And yet, Senga Services, a cable operator in Canada’s Northwest Territories, recently decided it would be a great idea to shame some of its in-arrears customers by listing their names and amount owed on the social media site.

“We always got excuses from everybody,” a rep for Senga told the CBC about the decision to shame these customers. “Promissory notes and everything, and it never arrives. So we found the most effective way is to publicly post the names.”

Given that towns in the Territories are often quite small, the people whose names are listed are often familiar with the other locals.

“Everybody knows who owes money to a cable company,” said one local resident who wasn’t on the list but who disagreed with Senga’s tactics. “So we know who is irresponsible with money or who might be struggling.

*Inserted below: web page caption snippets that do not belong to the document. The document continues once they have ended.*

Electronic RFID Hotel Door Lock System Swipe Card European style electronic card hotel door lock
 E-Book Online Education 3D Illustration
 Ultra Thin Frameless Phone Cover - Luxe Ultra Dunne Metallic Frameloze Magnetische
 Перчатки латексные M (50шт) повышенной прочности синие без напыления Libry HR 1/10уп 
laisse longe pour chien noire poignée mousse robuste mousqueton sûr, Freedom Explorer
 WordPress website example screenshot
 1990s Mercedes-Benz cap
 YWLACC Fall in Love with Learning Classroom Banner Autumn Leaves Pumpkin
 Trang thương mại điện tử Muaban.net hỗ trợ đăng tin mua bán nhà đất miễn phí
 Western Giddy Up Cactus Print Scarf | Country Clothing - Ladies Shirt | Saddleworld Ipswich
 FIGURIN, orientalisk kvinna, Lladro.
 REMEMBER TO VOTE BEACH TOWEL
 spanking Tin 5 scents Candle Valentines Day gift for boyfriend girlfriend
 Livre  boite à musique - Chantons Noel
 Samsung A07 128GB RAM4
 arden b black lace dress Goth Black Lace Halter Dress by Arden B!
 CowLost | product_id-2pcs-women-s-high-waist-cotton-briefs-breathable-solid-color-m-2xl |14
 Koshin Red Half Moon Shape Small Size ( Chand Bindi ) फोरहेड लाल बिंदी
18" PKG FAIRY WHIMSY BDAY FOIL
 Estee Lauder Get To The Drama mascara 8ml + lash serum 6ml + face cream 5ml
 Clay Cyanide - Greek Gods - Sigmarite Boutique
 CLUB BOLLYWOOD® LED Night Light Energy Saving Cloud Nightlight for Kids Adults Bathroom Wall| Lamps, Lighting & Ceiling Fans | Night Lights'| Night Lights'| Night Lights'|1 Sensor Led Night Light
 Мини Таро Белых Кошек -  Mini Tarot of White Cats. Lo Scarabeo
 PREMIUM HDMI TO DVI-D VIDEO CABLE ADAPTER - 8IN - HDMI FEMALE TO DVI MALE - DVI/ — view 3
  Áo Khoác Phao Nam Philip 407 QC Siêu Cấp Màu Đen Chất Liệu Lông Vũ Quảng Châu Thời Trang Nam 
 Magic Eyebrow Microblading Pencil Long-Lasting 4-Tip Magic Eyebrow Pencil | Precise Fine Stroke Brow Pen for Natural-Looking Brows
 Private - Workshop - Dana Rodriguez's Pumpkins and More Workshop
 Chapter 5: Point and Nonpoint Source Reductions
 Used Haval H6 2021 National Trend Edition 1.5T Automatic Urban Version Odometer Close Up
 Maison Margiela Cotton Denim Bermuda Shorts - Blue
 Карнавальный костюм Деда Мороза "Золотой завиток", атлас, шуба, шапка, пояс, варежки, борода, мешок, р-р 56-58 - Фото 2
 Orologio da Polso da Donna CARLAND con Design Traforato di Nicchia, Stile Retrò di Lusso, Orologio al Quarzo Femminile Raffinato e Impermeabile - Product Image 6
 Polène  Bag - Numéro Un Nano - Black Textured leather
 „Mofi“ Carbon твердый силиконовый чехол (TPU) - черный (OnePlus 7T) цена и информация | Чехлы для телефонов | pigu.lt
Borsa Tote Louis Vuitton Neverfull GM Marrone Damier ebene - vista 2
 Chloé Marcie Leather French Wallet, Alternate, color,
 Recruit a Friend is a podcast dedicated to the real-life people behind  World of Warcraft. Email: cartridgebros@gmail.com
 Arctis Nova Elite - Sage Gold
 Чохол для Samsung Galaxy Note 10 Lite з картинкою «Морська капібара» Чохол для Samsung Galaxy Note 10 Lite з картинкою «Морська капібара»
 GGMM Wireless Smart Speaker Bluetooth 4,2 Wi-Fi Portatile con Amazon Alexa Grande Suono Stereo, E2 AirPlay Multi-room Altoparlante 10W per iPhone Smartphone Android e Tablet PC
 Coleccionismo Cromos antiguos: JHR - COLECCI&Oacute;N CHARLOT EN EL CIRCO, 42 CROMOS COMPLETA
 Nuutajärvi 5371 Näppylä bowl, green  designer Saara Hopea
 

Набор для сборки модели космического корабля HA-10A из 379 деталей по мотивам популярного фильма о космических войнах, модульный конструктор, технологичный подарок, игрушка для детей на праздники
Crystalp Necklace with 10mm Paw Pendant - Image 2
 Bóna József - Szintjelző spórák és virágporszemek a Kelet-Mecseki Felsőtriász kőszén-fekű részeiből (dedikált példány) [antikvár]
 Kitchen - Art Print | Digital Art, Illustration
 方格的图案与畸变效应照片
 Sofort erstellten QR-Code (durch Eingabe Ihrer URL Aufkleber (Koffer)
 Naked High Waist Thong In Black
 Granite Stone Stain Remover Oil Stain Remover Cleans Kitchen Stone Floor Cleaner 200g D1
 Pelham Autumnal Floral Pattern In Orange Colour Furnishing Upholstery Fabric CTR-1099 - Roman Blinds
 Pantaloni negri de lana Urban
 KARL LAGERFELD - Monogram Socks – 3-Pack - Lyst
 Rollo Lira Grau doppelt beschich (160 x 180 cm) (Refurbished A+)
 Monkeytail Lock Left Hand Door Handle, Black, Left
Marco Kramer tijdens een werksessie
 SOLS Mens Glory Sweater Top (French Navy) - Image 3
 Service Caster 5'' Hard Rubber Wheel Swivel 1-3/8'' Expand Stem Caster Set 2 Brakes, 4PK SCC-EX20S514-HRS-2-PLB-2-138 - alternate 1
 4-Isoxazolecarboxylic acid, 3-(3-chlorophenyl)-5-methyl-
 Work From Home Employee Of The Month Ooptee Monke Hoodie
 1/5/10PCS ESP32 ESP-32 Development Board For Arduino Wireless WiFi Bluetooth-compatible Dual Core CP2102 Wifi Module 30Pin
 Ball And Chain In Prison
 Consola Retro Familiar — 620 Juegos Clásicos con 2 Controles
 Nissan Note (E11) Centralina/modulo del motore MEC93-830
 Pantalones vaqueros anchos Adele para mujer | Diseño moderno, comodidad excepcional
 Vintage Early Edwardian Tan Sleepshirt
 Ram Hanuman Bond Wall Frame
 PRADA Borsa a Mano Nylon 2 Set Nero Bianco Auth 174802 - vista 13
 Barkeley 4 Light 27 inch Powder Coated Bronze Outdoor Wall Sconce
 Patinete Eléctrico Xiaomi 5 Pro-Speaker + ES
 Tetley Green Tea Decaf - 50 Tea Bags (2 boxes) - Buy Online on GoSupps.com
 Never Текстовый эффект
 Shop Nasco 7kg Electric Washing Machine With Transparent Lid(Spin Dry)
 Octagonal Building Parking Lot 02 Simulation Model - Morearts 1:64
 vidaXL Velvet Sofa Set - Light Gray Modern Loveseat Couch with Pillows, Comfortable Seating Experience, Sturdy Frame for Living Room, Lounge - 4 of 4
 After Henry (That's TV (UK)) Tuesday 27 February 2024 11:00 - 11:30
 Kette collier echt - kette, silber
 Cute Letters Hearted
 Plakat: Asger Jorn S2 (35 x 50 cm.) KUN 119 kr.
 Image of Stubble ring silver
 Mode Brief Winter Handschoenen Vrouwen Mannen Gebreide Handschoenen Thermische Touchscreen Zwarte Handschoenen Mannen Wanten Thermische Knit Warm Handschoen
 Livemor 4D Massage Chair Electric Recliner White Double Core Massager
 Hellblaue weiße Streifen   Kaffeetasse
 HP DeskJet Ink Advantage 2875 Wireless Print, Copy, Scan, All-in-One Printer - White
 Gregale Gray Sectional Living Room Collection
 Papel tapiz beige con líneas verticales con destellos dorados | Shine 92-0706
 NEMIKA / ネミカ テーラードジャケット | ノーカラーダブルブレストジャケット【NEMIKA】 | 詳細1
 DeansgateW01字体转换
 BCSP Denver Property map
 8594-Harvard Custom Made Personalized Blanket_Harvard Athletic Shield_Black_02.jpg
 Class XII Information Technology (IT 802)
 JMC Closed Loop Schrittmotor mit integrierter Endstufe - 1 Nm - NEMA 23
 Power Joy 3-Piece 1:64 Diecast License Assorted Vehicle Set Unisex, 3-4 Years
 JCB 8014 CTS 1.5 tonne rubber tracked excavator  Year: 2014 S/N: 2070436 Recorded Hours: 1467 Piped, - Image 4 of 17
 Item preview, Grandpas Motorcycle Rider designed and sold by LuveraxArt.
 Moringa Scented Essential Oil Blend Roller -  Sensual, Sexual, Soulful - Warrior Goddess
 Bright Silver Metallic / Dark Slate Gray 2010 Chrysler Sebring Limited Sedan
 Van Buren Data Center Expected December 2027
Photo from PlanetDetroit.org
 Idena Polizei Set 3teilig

If I were struggling to pay bills, I wouldn’t want my community knowing.”

The company rep said that Senga understands this notion, which is why she contends the company is only going after the biggest scofflaws.

“We know everybody, so we give people a chance,” explained the rep. “It’s the people who dodge us on a regular basis who are the ones being shamed.”

And while the amounts owed by some customers were above the $1,000 range, some customers were being shamed for owing less than $100 to the cable company.

While Senga contends that the Facebook posts were legal, the Office of the Privacy Commissioner of Canada told the CBC that Canadian law only “allows organizations to use or disclose people’s personal information only for the purpose for which they gave consent,” and that, “There is also an over-arching clause that personal information may only be collected, used and disclosed for purposes that a reasonable person would consider appropriate under the circumstances.”

At the urging of the Commissioner’s office, Senga eventually pulled the Facebook posts.

We aren’t familiar with Canadian privacy laws, but here in the States, Section 551(c) of the Cable Communications Policy Act forbids cable companies from disclosing “personally identifiable information concerning any subscriber without the prior written or electronic consent of the subscriber concerned.”